I admire my professor for dedicating a part of his life to the mountains, and I admire the mountains for not letting human influence get in the way of their beauty.
Other sites along our trip included the lovely Seljalandsfoss and Skógarfoss, two ethereal waterfalls crashing their bodies into the earth. I don’t think I’ve ever seen water so aggressive and dedicated, it was like martyrdom was manifested in the way they fell.
Here is skógarfoss:
Views from the top!
Throughout this trip, I was surprised with myself. In most situations of such overwhelming beauty I tend to start spilling over with tears as a way to express the emotions that well up within myself. Internally and unconsciously I was awaiting it. Intuition told me that eventually it would come. I was contained, and I had a feeling it had to do with the fact that I was with a group (my Icelandic class) the whole time. My feelings were all internalized, not purposefully, so as not to disrupt the order of things. But a moment did find itself and it happened where I least expected it. I cannot recall the exact location, but we had ended up driving far out into a barren field to visit another one of the stop in the Saga trail for Njáls Saga. It was quite remote, and I don’t think I’ve ever seen a place so open and flat in my life before. The bus stopped at a small house in the middle of the fields, and the group gathered around our professor to hear about the historical significance of the site we were at. I had been one of the last people to gather around, and instead of huddling in with the group, I decided to press myself into the ground and sit down amid the openness.

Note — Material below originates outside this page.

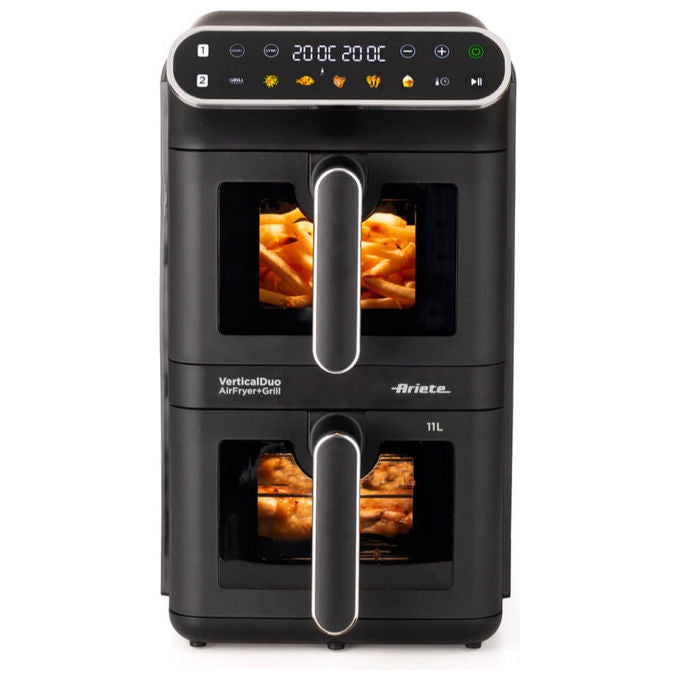 Ariete 4640 Friggitrice ad aria 11 L 2460W Doppia Verticale 2 Cestelli Sync Dual 6 Programmi Grill 200°C colore Nero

My initial reason for sitting was because I wanted to know what the grass felt like underneath me. It was slightly damp when I pressed my hands into it, and my fingers were able to lose themselves in the long green strands. It smelled of something other than grass, it was of earth, more of soil and pure growth. It was nothing like the neatly cut lawn-grass smell I experienced while growing up. This felt more genuine and wild, unruly, untamed. I sat in a daze with both my hands out to my sides, pressing down into one slice of a grass carpet that was miles long. I hadn’t really looked up yet, something held me back. Perhaps it was a fear; I knew that what I would see wouldn’t be anything like the city I grew up in, and I was afraid my eyes wouldn’t be able to take it in. Slowly I lifted my face up, I felt the grass fall away from my line of vision, felt the sky take hold of my eyes as I tried to contain it. There was more sky than earth, I was deluged, lightheaded. And that’s when it hit me, the overwhelming
feeling that I had fallen away from myself, and I was nothing any longer, just an amalgamation of atoms whirring around in all of this space, these endless spaces and the spaces between those endless spaces. Endalaust. I couldn’t tell if I was the space contained within all of this solid air or the solid entity disrupting the space around me.
I started to cry. Whatever I was, I was beautiful, and the spaces were beautiful, between my fingers, between my my endless lines of vision, between myself and the people around me, I was isolated, alone, like that church who held itself with grace.
The whole way home after that, I stared out the window in an overwhelmed flurry and cried. Sigur Rós was playing in my ears and I knew in that moment that my heart was going to be buried here. I was already testing the ground with my hands for places where my heart might like to reside. I’m still searching, but I will find it. And it will be buried, and it will feel every last earthquake and movement in the earth, as if the earth was beating with it.